Signez la pétition :

http://www.retraitesencolere.fr/


RASSEMBLEMENT-MANIFESTATION à CAEN
JEUDI 14 juin 2018
10H30 PLACE DU THEATRE


Depuis son installation à la présidence de la République, M. Macron méprise les retraités, les caricature comme des « riches » et des « nantis ». Il a gelé les pensions en 2018 et a augmenté la CSG de 25 %, ce qui diminue de plusieurs centaines d’euros par an le pouvoir d’achat d’un grand nombre de retraités depuis le 1er janvier 2018.
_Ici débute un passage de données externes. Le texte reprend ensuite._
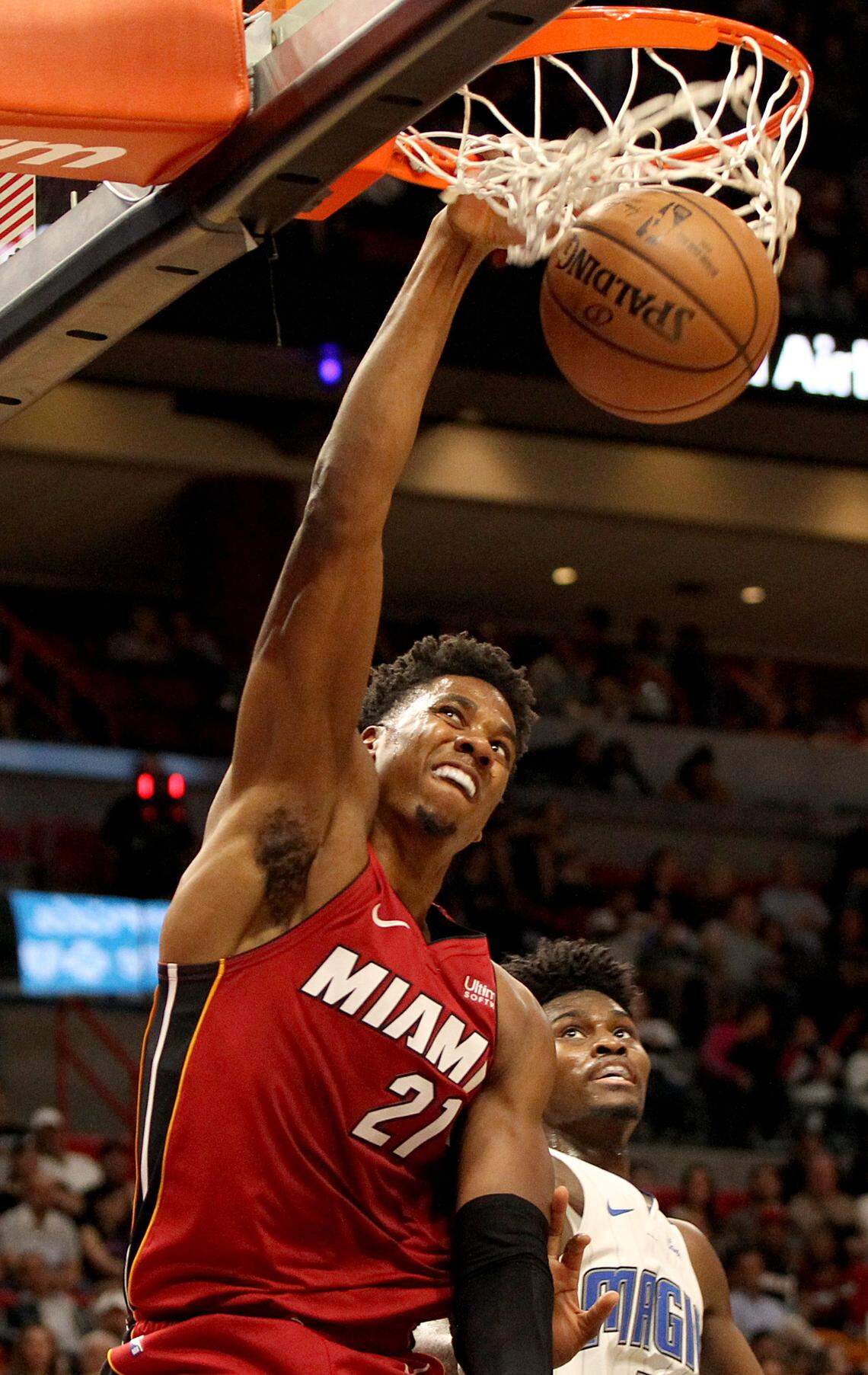 Heat center Hassan Whiteside dunks against Magic’s forward Jonathan Issac, in the second quarter of the Miami Heat vs Orlando Magic at AmericanAirlines Arena in Miami on Tuesday, December 04, 2018.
A l’appel des neuf organisations de retraités, de plus en plus de personnes en retraite expriment leur colère en manifestant : 80 000 le 28 septembre, puis 200 000 le 15 mars dans plus de 160 villes. Cette colère vient de loin, de l’accumulation d’attaques menées par les gouvernements depuis le printemps 2014 : gel des pensions, création ou augmentation de taxes, suppression de dispositions fiscales spécifiques, etc.


L’énorme succès des manifestations
a incité le premier ministre à effectuer un tout petit geste, à exonérer d’augmentation de la CSG quelques retraités... en 2019. Ce premier recul reste bien trop limité pour calmer les personnes retraitées en colère, c’est un encouragement à une mobilisation encore plus massive pour obtenir la suppression de l’augmentation de la CSG.


Les propos tenus le 12 et le 15 avril à la télévision par le Président de la République
confirment qu’il ne veut toujours rien comprendre de la colère des retraités. Il nous dit qu’il ne prend pas les retraités « pour un portefeuille », peut-être, mais il les prend bien pour un porte-monnaie ... dans lequel il tape pour aller grossir les portefeuilles d’une minorité privilégiée.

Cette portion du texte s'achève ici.